Page 22 of Significant Others


  “Oh, sure.”

  “I swear.”

  “Which tent?”

  “That one.”

  “You better not be lying. I’ll report you to the Brigadier.” Only slightly less terrified than Philo, the tough one seemed to be stalling for time.

  Booter awaited them in silence. Moaning and twisting would only scare them off again.

  The tent flap opened. Another beam, this one brighter than the last, found its way to Booter’s tape-wrapped head.

  He decided to wiggle a little, just to show them he was alive.

  “See?” said the redheaded boy. He was standing next to the flashlight-wielder, his eyes big as quarters, his jaw even slacker than before. “Maybe they’re holdin’ him captive, huh?”

  “Who?”

  “I dunno. The chem-frees or somebody.”

  The boy with the flashlight steadied the beam on Booter’s face, blinding him momentarily.

  The redhead added: “He could be really dangerous.”

  There was no reply from the other boy.
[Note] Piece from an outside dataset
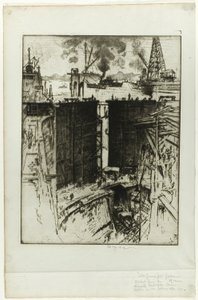 The Guard Gate, Gatun Lock, Panama av Joseph Pennell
He knelt and leaned forward slowly to examine Booter’s features.

  Booter blinked several times, then beheld the familiar face of a handsome half-breed child. When their eyes met, the boy made an expression like a clenched fist and leaned even closer. “Booter?” he said.

  Just as amazed, Booter uttered a grunt and nodded.
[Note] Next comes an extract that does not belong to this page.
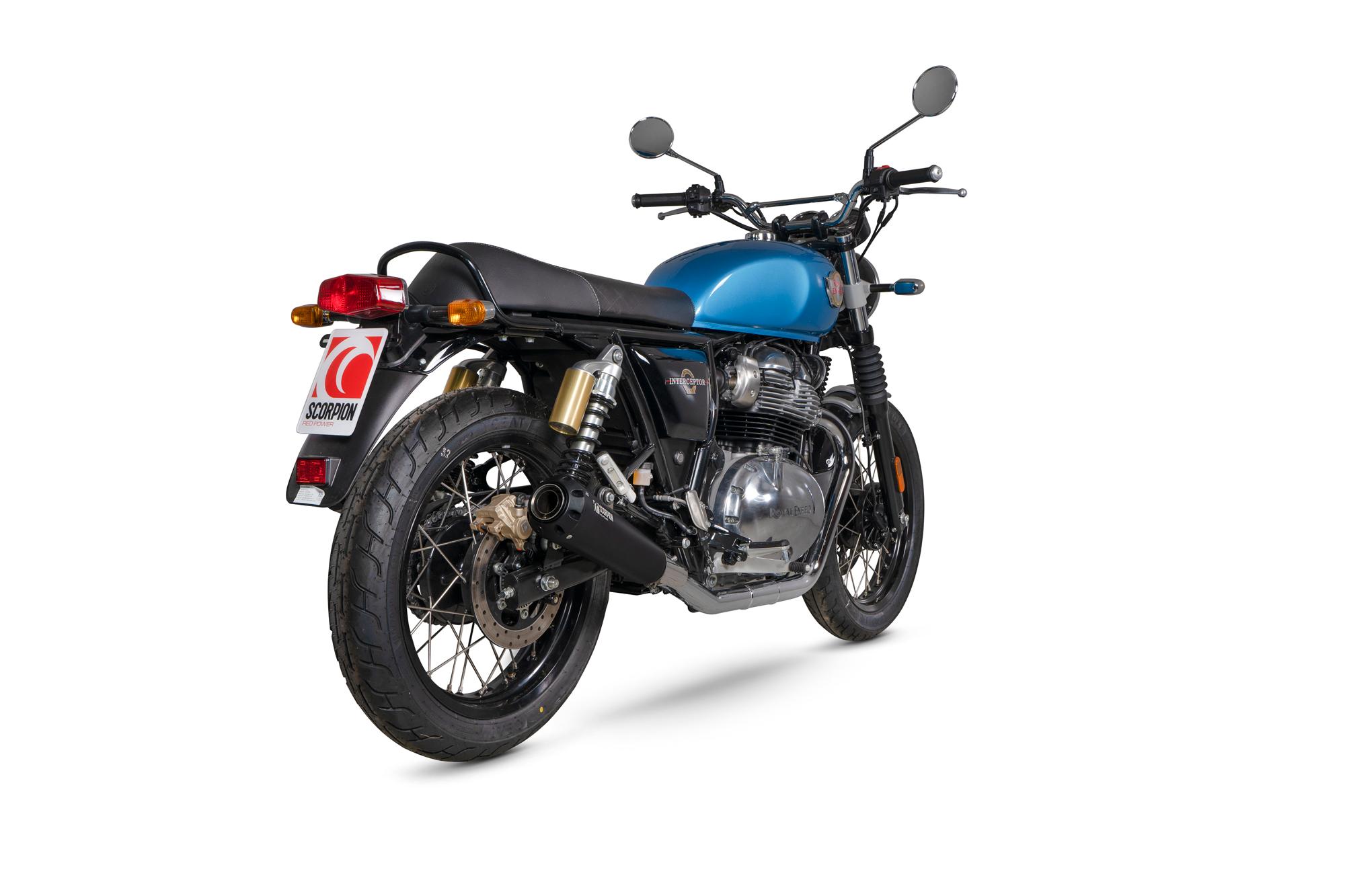 Scorpion Exhausts Black Pre101bcer - Scorpion Red Power Slip-On Pair Ceramic For Royal Enfield Interceptor 650 2019-2024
  The boy turned to his henchman. “It’s Booter,” he said.

  “Who?”

  “He’s married to Gangie. My mom’s mom.”

  “He’s your granddad?”

  “No, booger-brain. He’s married to my mom’s mom. That doesn’t make him my—”

  Groaning indignantly, Booter cut him off.

  “You better do somethin',” said the redhead.

  Edgar tugged a piece of tape off Booter’s cheek. It stung like hell. He made a sound to say so.

  “Be careful,” said the redhead.

  Seizing another piece of tape, Edgar tugged more gently this time, until the whole sticky webbing, gag included, came away from his face. He gulped air and licked his parched lips.

  “You O.K.?” asked Edgar.

  He nodded, still filling his lungs. Then he said: “Where’s your mother?”

  “At her camp,” the boy replied.

  “Where’s that?”

  “Down by the river.”

  “Get her for me.”

  Edgar shook his head gravely.

  “Why not?”

  “It’s women-only space.”

  “What?” It was a madhouse, this place, pure and simple. “What the hell are you talking about?”

  “I can’t go,” the boy said earnestly. “They won’t let me.”

  “Untie me, then. Help me, you little idiot! Don’t just stand there!”

  The redhead frowned and peered at Edgar for the final word. Edgar, in turn, gnawed on his fingernail and pondered. “Did you do something bad?” he asked.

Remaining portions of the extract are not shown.